The new carbon-negative method, denominated ‘ionocaloric cooling’, controls the melting and crystallization of material via the application of a solution containing ions that generate the ionocaloric cycle.
“The landscape of refrigerants is an unsolved problem: No one has successfully developed an alternative solution that makes stuff cold, works efficiently, is safe, and doesn’t hurt the environment” said Lilley. “We think the ionocaloric cycle has the potential to meet all those goals if realised appropriately,” he added.
The carbon-negative ionocaloric cooling method developed by Lilley and Prasher could help speed up the transition from using HFCs (hydrofluorocarbons) in refrigeration techniques to more environmentally compatible refrigeration methods. HFCs are known greenhouse gases that, while considered safer than CFCs, possess a considerable heat-trapping effect thousands of times greater than CO2.
Ionocaloric cooling differs from other caloric methods by using ions to trigger solid-to-liquid phase changes. Incorporating a solution allows the transitional materials to be pumped through a system, making them easier and more effective at transporting heat. More importantly, the potential of this new carbon-negative ionocaloric cooling method could theoretically compete with and even surpass the efficiency of conventional gaseous refrigerants.
The researchers used an iodine and sodium-based salt in combination with ethylene carbonate – a solvent used in lithium-ion batteries – to test their theory.
According to Lilley: “Using a material like ethylene carbonate could actually be carbon-negative, because you produce it by using carbon dioxide as an input. This could give us a place to use CO2 from carbon capture”.
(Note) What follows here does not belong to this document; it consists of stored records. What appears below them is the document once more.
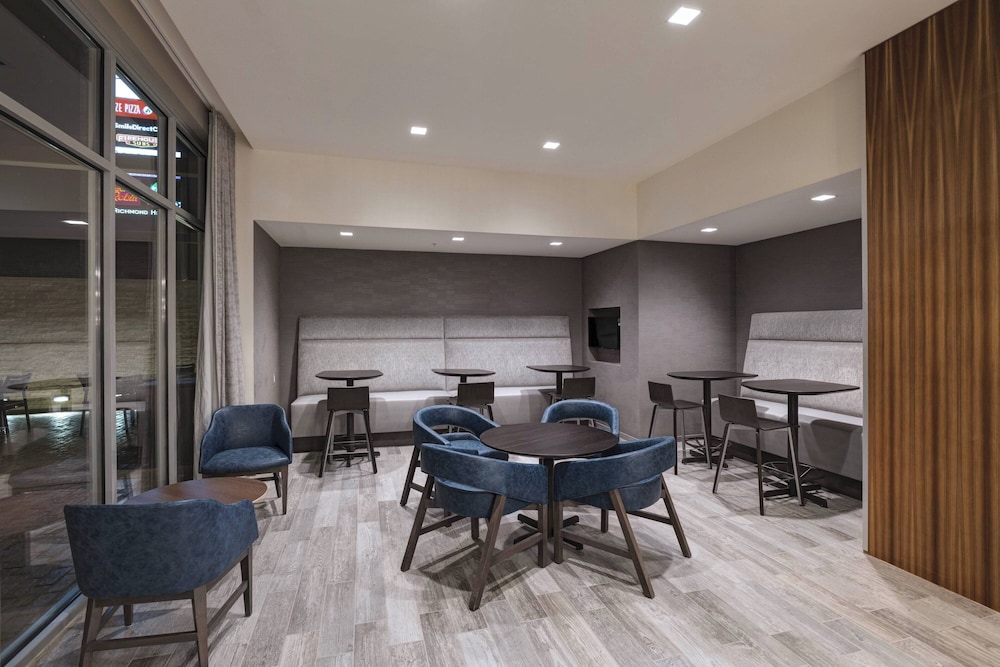 Courtyard by Marriott St. Louis Brentwood - photo 24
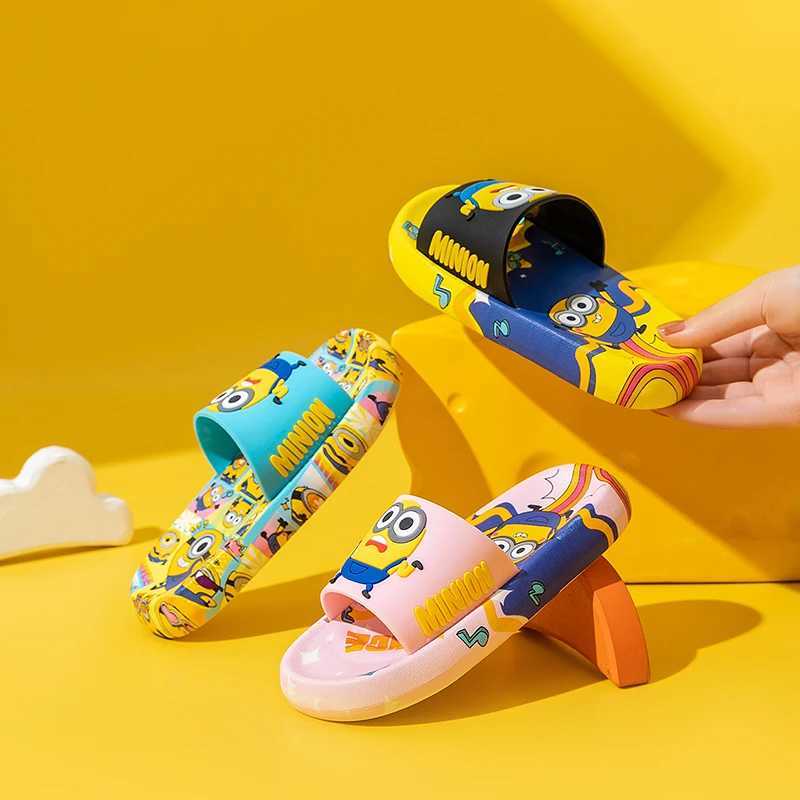 Minions children Shoes Anti-slip Wear Lightly Wear Kids Slippers Summer Outdoor Walk Tour Shoes Boys Girls Sandals PVC slippersT250311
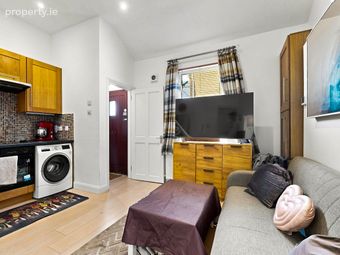 25 Rutland Cottages, Dublin 1 - Image 3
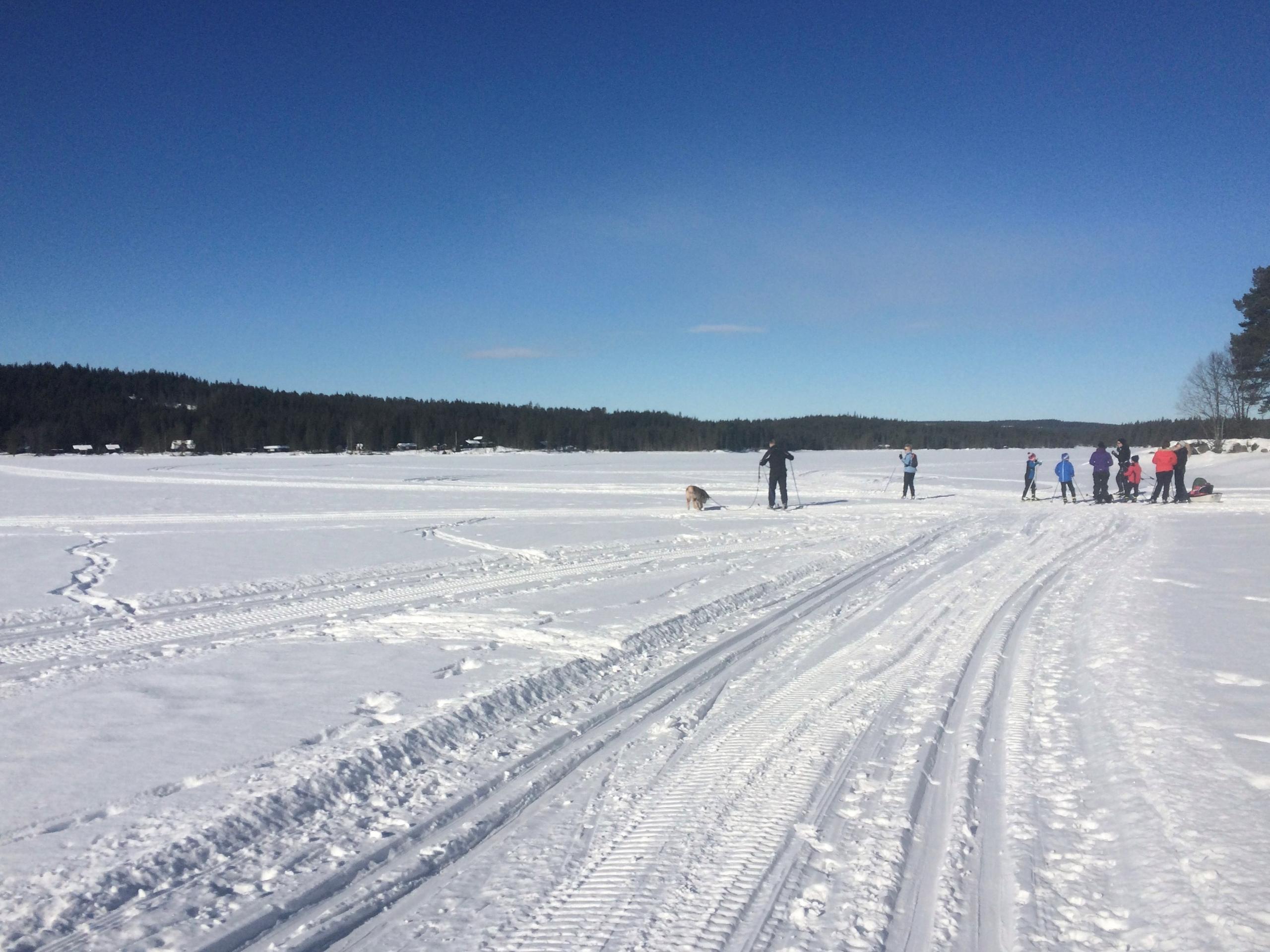 Cross-country skiing trails from Osbakken and lake Skumsjøen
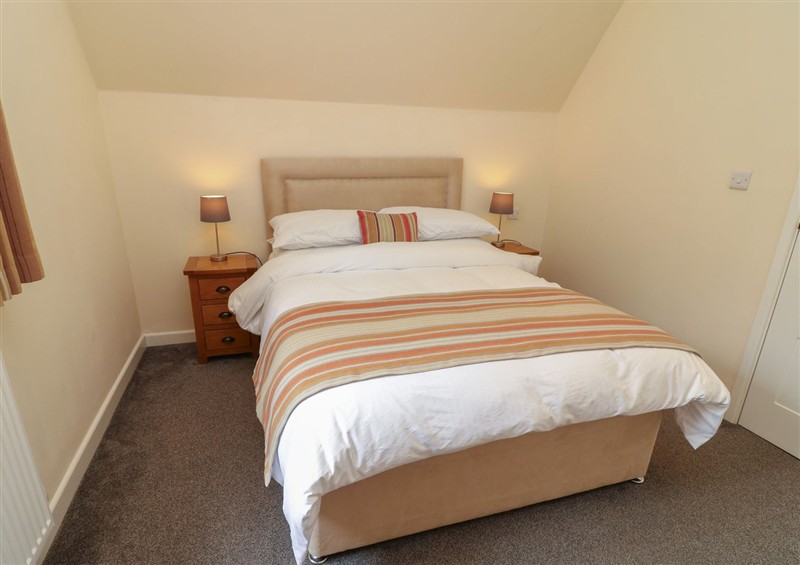 This is a bedroom (photo 3) at James Ville Marina Lodge 13, Brigg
“By introducing a current to the solution, the ions rearrange, which alters the melting point of a material. Upon melting, the material forms a solution that can absorb heat from its surroundings. By removing the ions, the solution moves back into a solid state to release heat”.
“We have this brand-new thermodynamic cycle and framework that brings together elements from different fields, and we’ve shown that it can work,” Prasher said. “Now, it’s time for experimentation to test different combinations of materials and techniques to meet the engineering challenges.”